Is The CFPB Helping Credit Unions?
By: Shannon Basile, Compliance Analyst
On October 5, 2017 the Consumer Financial Protection Bureau (CFPB) released its final rule regarding payday loans, vehicle title loans, and certain high-cost installment loans. The CFPB has determined that current payday loan practices are unfair and abusive to consumers. Therefore the rule is designed to prevent lenders from granting loans to borrowers that are financially unable to meet the loan obligation.
The typical payday loan requires a borrower to pay back the loan in full within a short period of time, usually fourteen to thirty days, or may provide a longer term with a balloon payment. The cost of these loans can be equal to a 300% interest rate. In many cases borrowers are not able to repay the loans and meet their other financial obligations. As a result, borrowers are forced to take out new loans creating a cycle of debt that many are unable to get out of.
The CFPB plans to accomplish its goal of protecting consumers from payday lenders by requiring any lender who offers loans with a lump sum payoff or balloon payment to ensure the borrower can pass the “full-payment test.” The test will be used to determine if the borrower is capable of paying the loan back while still meeting their other financial obligations and basic living expenses. The CFPB has developed specific full-payment test criteria and reporting requirements lenders must follow to be in compliance with the rule. Those requirements include:
- Verify the consumer’s net monthly income using a reliable record of income payment, unless a reliable record is not reasonably available;
- Verify the consumer’s monthly debt obligations using a national consumer report and a consumer report from a “registered information system”;
- Verify the consumer’s monthly housing cost using a national consumer report if possible, or otherwise rely on the consumer’s written statement of monthly housing expenses;
- Forecast a reasonable amount for basic living expenses, other than debt obligations and housing cost; and
- Determine the consumer’s ability to repay the loan based on the lender’s projections of the consumer’s residual income or debt-to-income ratio.

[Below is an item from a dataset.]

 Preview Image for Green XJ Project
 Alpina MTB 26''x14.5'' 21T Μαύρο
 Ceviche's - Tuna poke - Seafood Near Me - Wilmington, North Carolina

The rule allows lenders to avoid the full-payment test requirement if the loan provides borrowers the option to pay off the debt gradually and the borrower pays off at least one third of the original principal before any new loan is granted. The number of loans allowed within a certain amount of time is also limited under the new rule.
In addition, the rule prevents lenders from making more than two attempts to debit a borrowers account for repayment of a short-term, balloon-payment or longer term loan with a rate over 36%. After two unsuccessful account debit attempts, the lender must obtain an updated authorization from the borrower before any future payment transfer attempts can be made. The lender must also provide borrowers with written notice before making account debits at times or in amounts that were not previously disclosed to the borrower.
So how does all this apply to credit unions? For starters, loans offered by credit unions typically do not meet the definition of a payday loan. Loans that are determined to be less risky, such as “payday alternative loans” authorized by the National Credit Union Administration are exempt from the full-payment test requirements. In a recent interview CFPB Director Richard Cordray stated, “I have no intention of disrupting lending by community banks and credit unions. They have found effective ways to make small-dollar loans that consumers are able to pay without high rates of failures.”
The new payday lending rule may put a stop to unethical lenders taking advantage of consumers who are already struggling financially but it does not take away the need for short-term loans. This is where credit unions can step in to fill the void by providing members with a safe and responsible way to borrow. Not only will credit unions be doing what they do best, helping members make good financial choices, but they can use the opportunity to educate members and grow lifelong membership bonds by helping people when they need it most.